Yesterday I was talking with my Dad on his way out to a dinner party; he was going to visit the new home of some family friends. My Dad’s friends recently relocated to be closer to the husband’s place of employment so he wouldn’t have such a long commute into work every day. This move advanced the career of the husband, but in the process the wife had to sell her self-owned business. Would you give up your career to follow your spouse?
I asked my Dad what the wife is doing for work in their new town, and he said that the husband makes well over $100,000 per year and “they aren’t too worried about the wife working”. I thought that the wife would just relocate her business, but instead she shut it down. It may be nice to be retired, but what is the point of having spare time if you don’t have anyone to share it with.
People say that they would love to not have to go to work every day, but I wonder if that is really true. We probably say that we would love not to work because we are only thinking about the spare time it would create, we aren’t thinking about the loss of income at it would also create.
When is enough money really enough money? Maybe my Dad’s friends are happy with enough money to pay their mortgage and their bills and have a little bit in savings. It is nice to have a household income of $125,000 but if your wife can bring in an additional $65,000, it would be nicer to have a household income of $190,000.

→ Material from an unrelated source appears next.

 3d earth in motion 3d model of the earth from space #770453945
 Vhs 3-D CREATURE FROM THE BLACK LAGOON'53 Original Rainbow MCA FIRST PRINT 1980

My sister is going through a similar situation. She recently moved for the second time to follow her boyfriend towards another promotion. My sister has been with her boyfriend for over 5 years, but she has only recently become a DINK for this past year. Last February my sister’s boyfriend was transferred to another city and my sister chose to quit her job and relocate with him, so she became a DINK. Last year she found a job in her new city, and now just over a year later she is relocating again, this time they are moving to a new state.
She has put her career on hold to advance her boyfriends career…twice. When we are in a couple we can lose our personal financial priorities. We have to remember that when we come into a couple, we are still an individual person. This is why I have a problem with merging finances and joint bank accounts. Not to mention the messiness of dividing assets in a divorce.
(Photo by James Trosh)
I think you’re absolutely right. I endorse keeping seperate finances at all times. Having moved away from home and my girlfriend for the last couple of months it’s been hard and I can see why many people would quit their jobs to follow a significant other. That being said I did what I had to do in order to further my own career and through the support of my girlfriend we were able to weather the storm. It’s tough but sacrifices have to be made.
-Ravi Gupta
It’s nice if we can stay in our relationship and follow are career, but unfortunately too often is the case that we have to choose one of the two.
One of the hardest things about being a couple is making decisions that are best for the couple, when they aren’t necessarily best for one individual. It’s even harder when when there are kids and the decisions also involve them. No matter what choice is made, it’s never going to be perfect.
As for me, I have always placed my family above my career ambitions. I have seen people uproot their family and sell their home to relocate and then get laid off within a few months. I have seen people move when their kids were in high school and disrupt their lifelong relationships. Jobs come and go, but a family is supposed to last a lifetime.